You guys, have you ever seen a midge? Because OMG. Back at Presque Isle, we'd noticed a couple of these weird, oddly large insects that buzzed us like mosquitos. They didn't bite, but they did leave a horrifyingly large, fatty stain wherever you swatted them, and we soon figured out to brush them off our clothes if we didn't want to live our lives liberally splashed with midge guts. 

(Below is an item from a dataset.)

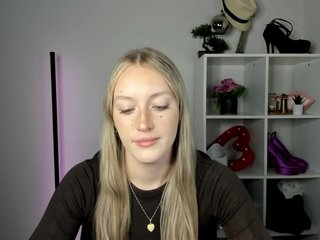 EvelynBlond26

Maybe the spiders were saving us from midges, because when we got to our motel, right on the water and with this beautiful view of the Mackinac Bridge--


--absolute swarms of midges greeted us. We quick-walked with our stuff, mouths firmly closed, to the door of our room, took turns brushing each other off, then opened the door and bolted inside and shut the door behind us. Midges battered themselves against the closed door and windows, and whenever we stepped back outside, they rose up from the white walkway and steps and flew in our faces. \

The motel management left a little box of Hershey's Kisses on the motel bed, next to a typed letter asking us not to smash midges against the walls and ceiling.

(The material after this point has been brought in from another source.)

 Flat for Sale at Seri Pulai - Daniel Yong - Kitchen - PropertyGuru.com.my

The kids had had enough of the day's double hell of constant family time plus midges (not to mention spiders), so they retreated into their screens and flatly refused to come walk on the beach and look at the beautiful views of the Mackinac Bridge with me. 


Their loss, because there were hardly any midges on the beach!

AND there was another lighthouse!



Later, though, Will had successfully put the midges out of her mind enough to agree to come with me to check out the Headlands International Dark Sky Park. Astronomy is one of my favorite hobbies, and I am forever trying to visit a real Dark Sky Park, forever seeking out the skyscape of a childhood spent lying out in the front yard, marveling at the Milky Way and Orion and every satellite and shooting star. 

In the past few years, I actually have visited a few Dark Sky Parks, but the thing is that whenever I go, IT IS ALWAYS CLOUDY! 

Sooo... welcome to sunset at Headlands:


Sigh.

Sunset over the Mackinac Bridge is super pretty, though!



The next morning, we ate peanut butter and jelly sandwiches for breakfast and packed peanut butter and jelly sandwiches for lunch, and strolled over to the ferry dock, where we arrived in time to catch one of the special ferries that detours UNDER the Mackinac Bridge!





Another lighthouse! Here's the Round Island Passage Light:


Look how fun my Life360 report from that trip is!


My big plans for Mackinac Island were renting bicycles and eating fudge. The end. 

Step One: Bicycles was a go!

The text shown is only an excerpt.